:: Work required ::
Reproduce every entry that follows word for word, but omit the images.
Content starts
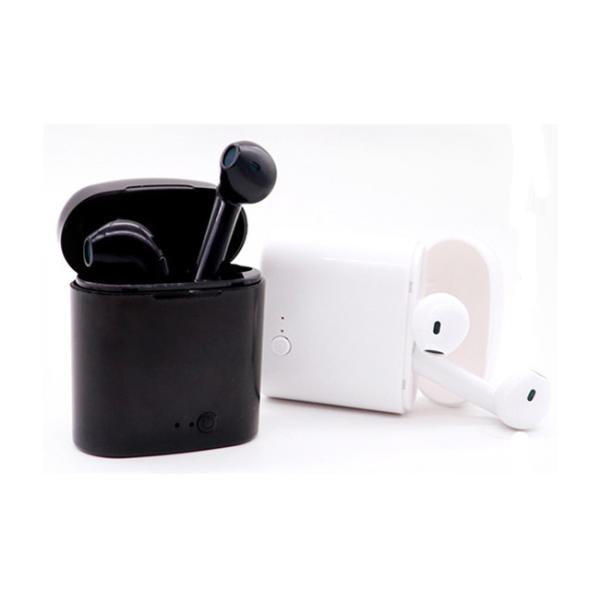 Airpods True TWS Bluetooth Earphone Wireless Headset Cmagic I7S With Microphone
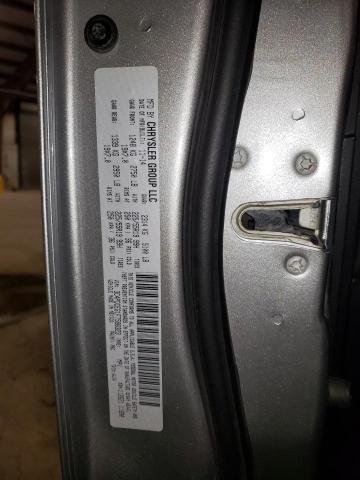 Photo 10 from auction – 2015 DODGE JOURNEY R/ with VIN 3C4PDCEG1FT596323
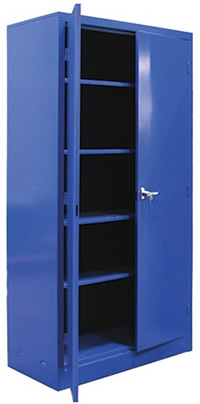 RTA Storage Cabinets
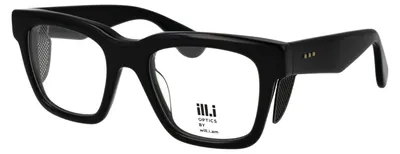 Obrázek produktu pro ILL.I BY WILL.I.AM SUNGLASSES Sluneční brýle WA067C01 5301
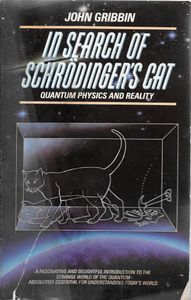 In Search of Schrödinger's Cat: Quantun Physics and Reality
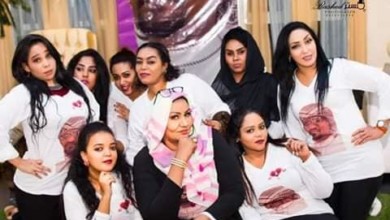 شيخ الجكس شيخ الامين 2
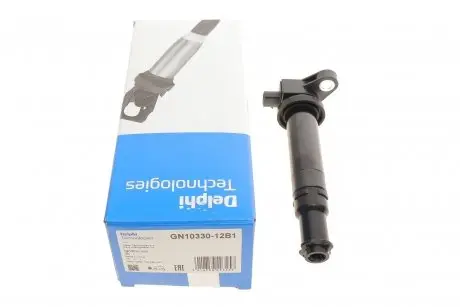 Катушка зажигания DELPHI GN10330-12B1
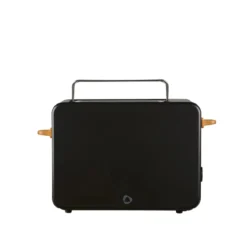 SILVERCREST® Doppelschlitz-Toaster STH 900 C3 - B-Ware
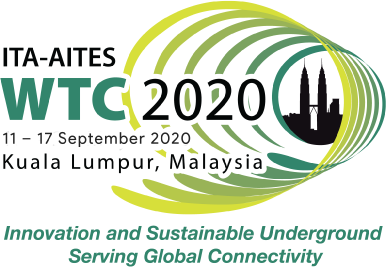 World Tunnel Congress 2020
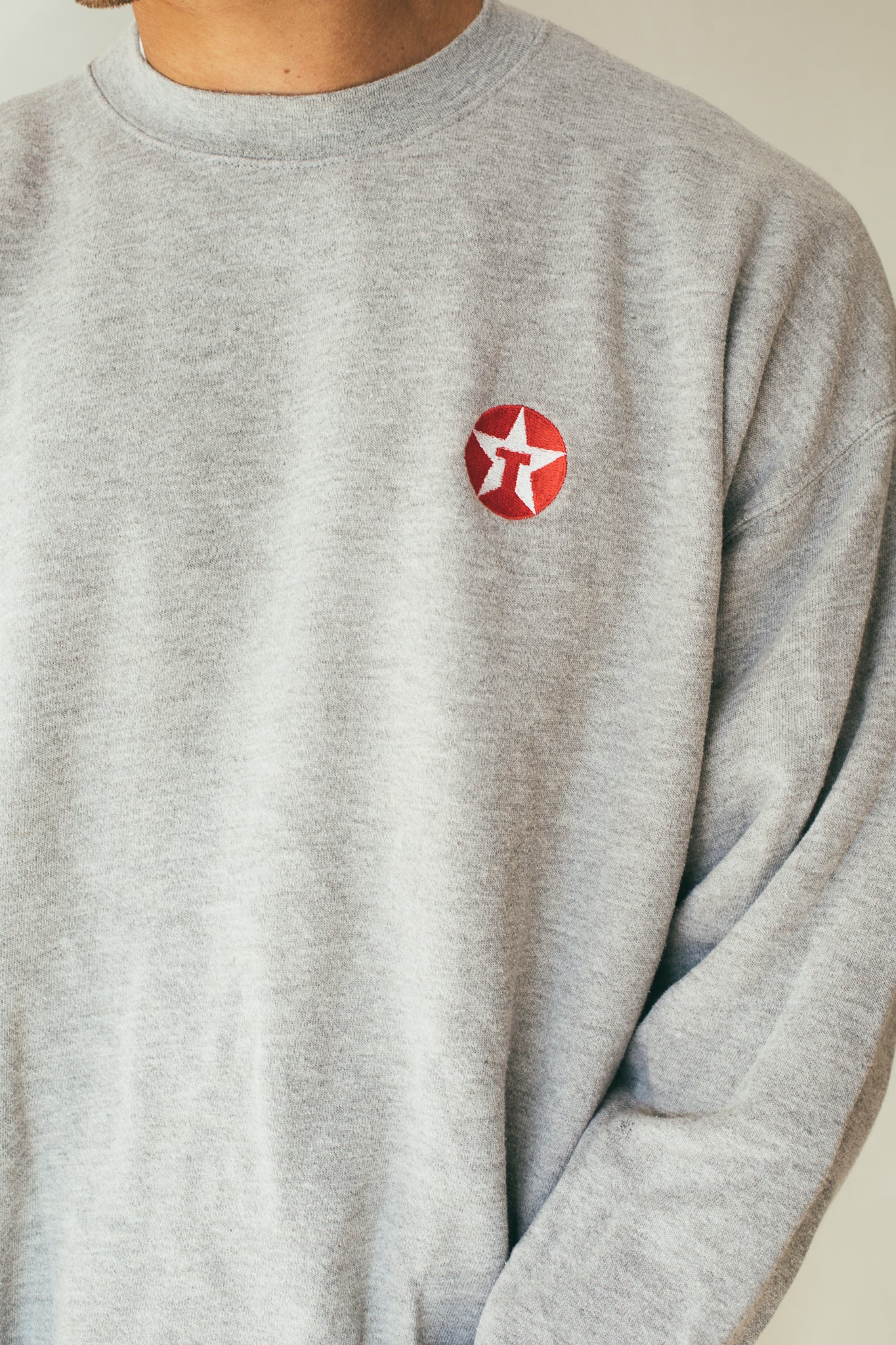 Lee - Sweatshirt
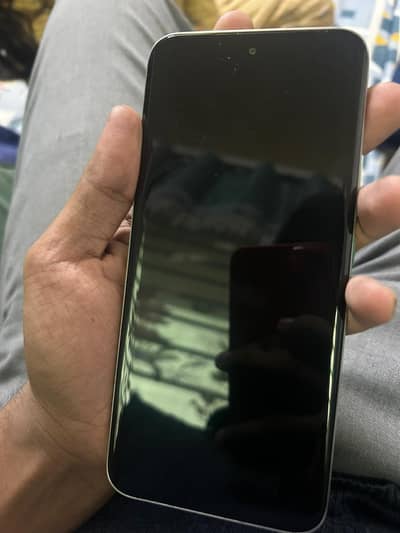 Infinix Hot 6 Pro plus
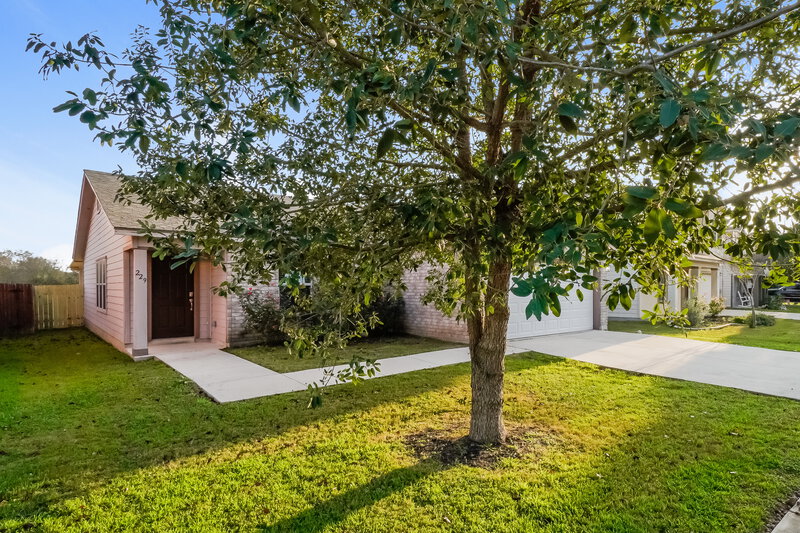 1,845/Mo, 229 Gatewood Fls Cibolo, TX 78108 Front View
Content ends
:: Exercise response ::
 Airpods True TWS Bluetooth Earphone Wireless Headset Cmagic I7S With Microphone
 Photo 10 from auction – 2015 DODGE JOURNEY R/ with VIN 3C4PDCEG1FT596323
 RTA Storage Cabinets
 Obrázek produktu pro ILL.I BY WILL.I.AM SUNGLASSES Sluneční brýle WA067C01 5301
 In Search of Schrödinger's Cat: Quantun Physics and Reality
 شيخ الجكس شيخ الامين 2
 Катушка зажигания DELPHI GN10330-12B1
 SILVERCREST® Doppelschlitz-Toaster STH 900 C3 - B-Ware
 World Tunnel Congress 2020
 Lee - Sweatshirt
 Infinix Hot 6 Pro plus
 1,845/Mo, 229 Gatewood Fls Cibolo, TX 78108 Front View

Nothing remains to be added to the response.